PLEASE BE SURE TO ANSWER ALL DESIGNATED
PARTS OF A QUESTION.
1. Your SPSS FREQUENCIES output and your MODEL SELECTION ("HILOG") output (2 points)
Although your output does not have a large weight, you must turn it in. That way, if you have made any mistakes on the rest of the assignment, I can check these back against your output.
PLUS YOUR ANSWERS TO QUESTIONS 2 - 10 BELOW:
2. (2 points) What is the G2, degrees of freedom and p-level for the hierarchical model that incorporates all the three-way interaction effects?
This is the model which omits ONLY the four-way interaction term. All three-way effects (and lower order terms) are present.
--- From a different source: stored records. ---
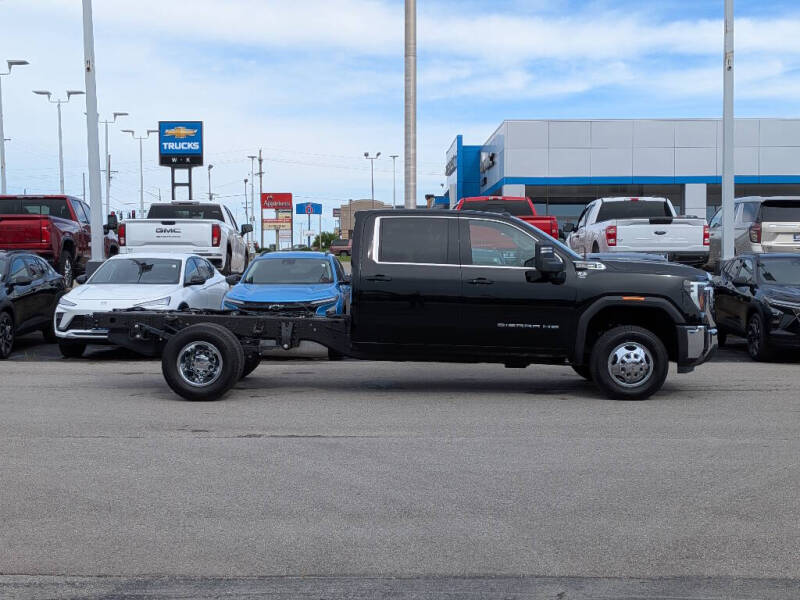 2026 GMC Sierra 3500HD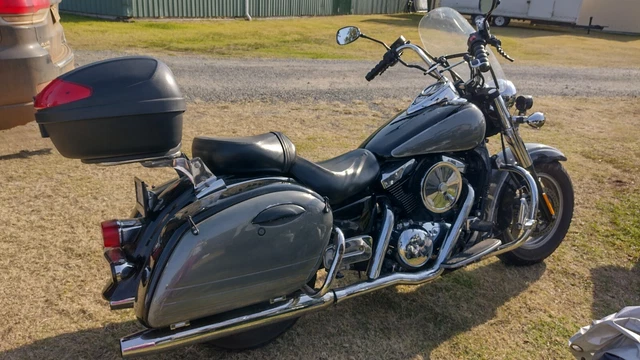 2004 kawasaki store vulcan nomad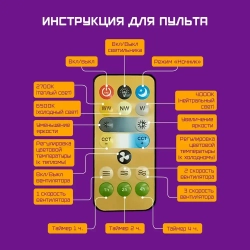 Фарлайт Люстра, E27, 35 Вт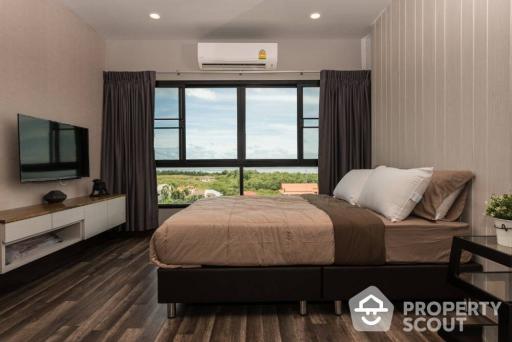 1-BR Duplex at Premier Condominium near BTS Phrom Phong (ID 389933)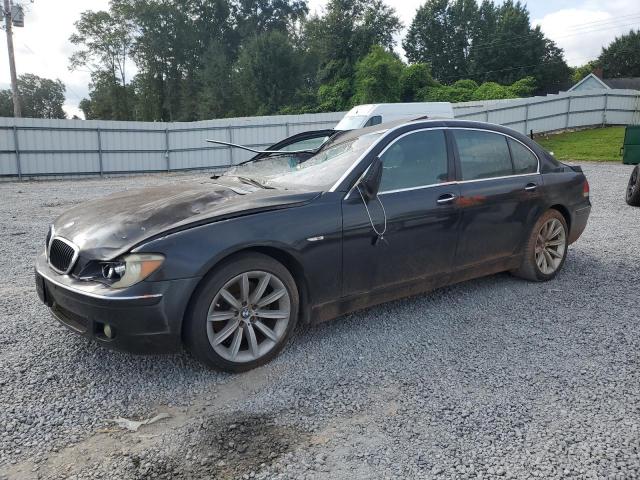  Salvage BMW 7 Series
You can locate this set of results from the k = 4 line of the first k-way table and these are:
Likelihood ratio chi square = 0.289 DF = 1 P = .591
3. (2 points) Do your results suggest that
the four variable interaction term can be deleted from a well-fitting model?
BRIEFLY, give the rationale behind your
decision.
Yes, the four-way interaction term can be deleted. The G2 is quite small (.289) and the probability of this model exceeds 0.20. The expected values from this all 3-way model are very close to the values in the observed four-way table.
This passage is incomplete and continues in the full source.